[EXERCISE] Look through the data for the string "Band". Copy every line where it is found.

[EXERCISE INPUTS]
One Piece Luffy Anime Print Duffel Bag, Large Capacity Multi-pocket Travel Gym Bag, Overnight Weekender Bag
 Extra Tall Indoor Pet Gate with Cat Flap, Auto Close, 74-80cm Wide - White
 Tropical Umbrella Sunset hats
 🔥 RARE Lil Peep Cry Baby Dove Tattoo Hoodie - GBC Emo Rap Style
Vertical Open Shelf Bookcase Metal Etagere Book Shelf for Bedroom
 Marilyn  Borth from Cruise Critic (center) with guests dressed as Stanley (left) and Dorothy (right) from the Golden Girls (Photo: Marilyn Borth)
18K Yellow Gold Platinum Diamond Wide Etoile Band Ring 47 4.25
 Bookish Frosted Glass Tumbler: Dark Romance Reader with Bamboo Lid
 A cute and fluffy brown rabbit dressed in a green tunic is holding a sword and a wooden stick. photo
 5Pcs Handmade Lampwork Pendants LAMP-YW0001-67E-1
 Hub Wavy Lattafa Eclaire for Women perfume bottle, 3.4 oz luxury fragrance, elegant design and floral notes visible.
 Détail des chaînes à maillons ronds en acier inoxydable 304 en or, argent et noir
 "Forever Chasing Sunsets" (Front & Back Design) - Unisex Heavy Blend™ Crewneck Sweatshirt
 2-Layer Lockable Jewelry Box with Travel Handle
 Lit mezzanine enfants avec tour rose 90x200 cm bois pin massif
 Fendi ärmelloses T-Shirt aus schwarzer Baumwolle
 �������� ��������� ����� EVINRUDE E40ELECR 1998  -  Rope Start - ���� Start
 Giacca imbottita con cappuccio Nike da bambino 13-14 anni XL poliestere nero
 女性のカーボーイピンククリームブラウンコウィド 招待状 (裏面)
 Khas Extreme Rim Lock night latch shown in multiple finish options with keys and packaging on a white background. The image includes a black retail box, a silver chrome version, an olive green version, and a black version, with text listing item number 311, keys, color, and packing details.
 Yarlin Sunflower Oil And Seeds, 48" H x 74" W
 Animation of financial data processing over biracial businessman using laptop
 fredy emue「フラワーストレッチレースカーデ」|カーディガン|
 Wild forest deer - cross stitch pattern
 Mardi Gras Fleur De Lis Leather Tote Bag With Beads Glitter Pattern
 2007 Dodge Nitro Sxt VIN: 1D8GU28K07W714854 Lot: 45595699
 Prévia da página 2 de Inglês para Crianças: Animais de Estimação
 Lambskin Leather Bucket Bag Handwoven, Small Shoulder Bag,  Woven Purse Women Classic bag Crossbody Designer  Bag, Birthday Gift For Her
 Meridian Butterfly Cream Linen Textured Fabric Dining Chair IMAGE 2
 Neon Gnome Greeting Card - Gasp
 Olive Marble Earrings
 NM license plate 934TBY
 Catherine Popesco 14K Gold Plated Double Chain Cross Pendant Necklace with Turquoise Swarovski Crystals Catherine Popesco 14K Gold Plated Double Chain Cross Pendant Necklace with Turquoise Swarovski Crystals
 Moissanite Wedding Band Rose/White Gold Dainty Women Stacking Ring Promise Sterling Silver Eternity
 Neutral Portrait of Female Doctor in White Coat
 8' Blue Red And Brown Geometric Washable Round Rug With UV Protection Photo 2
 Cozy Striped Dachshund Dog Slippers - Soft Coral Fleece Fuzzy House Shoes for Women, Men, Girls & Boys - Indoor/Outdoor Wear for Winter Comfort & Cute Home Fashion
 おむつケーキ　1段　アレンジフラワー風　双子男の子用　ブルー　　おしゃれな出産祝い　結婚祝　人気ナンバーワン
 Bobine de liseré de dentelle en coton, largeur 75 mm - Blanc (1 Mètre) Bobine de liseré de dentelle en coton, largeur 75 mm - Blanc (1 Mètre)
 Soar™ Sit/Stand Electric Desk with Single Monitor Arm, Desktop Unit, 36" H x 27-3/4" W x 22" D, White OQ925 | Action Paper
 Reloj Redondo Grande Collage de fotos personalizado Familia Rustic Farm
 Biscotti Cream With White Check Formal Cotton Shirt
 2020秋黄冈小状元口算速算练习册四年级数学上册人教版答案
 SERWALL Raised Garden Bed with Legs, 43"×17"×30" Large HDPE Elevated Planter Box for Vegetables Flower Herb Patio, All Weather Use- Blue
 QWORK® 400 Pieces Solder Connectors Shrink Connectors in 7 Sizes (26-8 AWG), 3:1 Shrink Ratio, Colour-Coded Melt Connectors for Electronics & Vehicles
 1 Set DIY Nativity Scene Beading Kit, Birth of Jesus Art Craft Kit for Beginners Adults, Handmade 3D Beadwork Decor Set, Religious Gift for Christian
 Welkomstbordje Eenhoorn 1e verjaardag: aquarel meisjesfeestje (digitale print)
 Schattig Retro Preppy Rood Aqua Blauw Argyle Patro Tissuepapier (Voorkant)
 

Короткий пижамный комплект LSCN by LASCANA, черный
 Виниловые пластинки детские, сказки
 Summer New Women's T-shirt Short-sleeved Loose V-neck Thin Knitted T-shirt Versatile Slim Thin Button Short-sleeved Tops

[EXERCISE OUTPUT]
18K Yellow Gold Platinum Diamond Wide Etoile Band Ring 47 4.25
 Moissanite Wedding Band Rose/White Gold Dainty Women Stacking Ring Promise Sterling Silver Eternity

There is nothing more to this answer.